Advertisers to Spend More on Digital Than Traditional Media

New estimates from eMarketer indicate that advertisers in the U.S. will spend more on digital advertising through the likes of Facebook and Google in 2019 than traditional media such as television, radio and newspapers. Advertisers are expected to spend in excess of $129 billion on digital advertising this year as compared to the more than $109 billion they will spend on traditional advertising. The shift would mark the first time in history that digital advertising would comprise more than half of the U.S. ad market.

Not surprisingly, tech giants such as Facebook and Google have been leading the digital ad industry’s steady growth in recent years.

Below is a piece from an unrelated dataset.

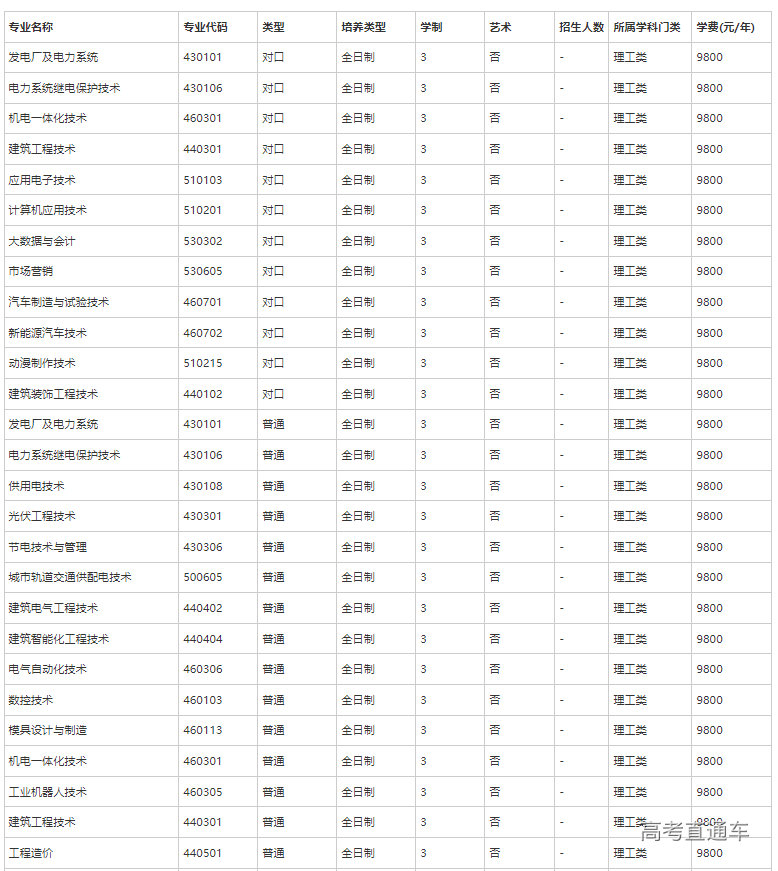 1651745572873648.png image.png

The digital market has experienced significant growth; it was merely half the size of the traditional ad industry in 2015.

While Facebook and Google have been called before Congress and are facing regulation at home and in Europe, their ad businesses have yet to be negatively impacted. “Facebook and Google made up a combined 60 percent of the digital ad industry in the U.S. last year, which equates to roughly $65 billion in revenue,” notes Recode.

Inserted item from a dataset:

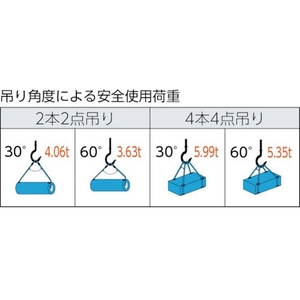 トラスコ中山 TRUSCO ワイヤーロープスリング Aタイプ アルミロック 16mm×1.5m FC474GW-8191696-イメージ3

“They’ll lose a little market share this year — eMarketer estimates they’ll combine for 59 percent of the industry in 2019 — but their haul will be even greater: The two are estimated to bring in a combined $77 billion in the U.S. next year.”

Advertising for print media such as newspapers and magazines is expected to decline by nearly 18 percent next year, according to eMarketer. The third-largest player in the digital ad market is Amazon, which is expected to capture 8.8 percent of the market this year.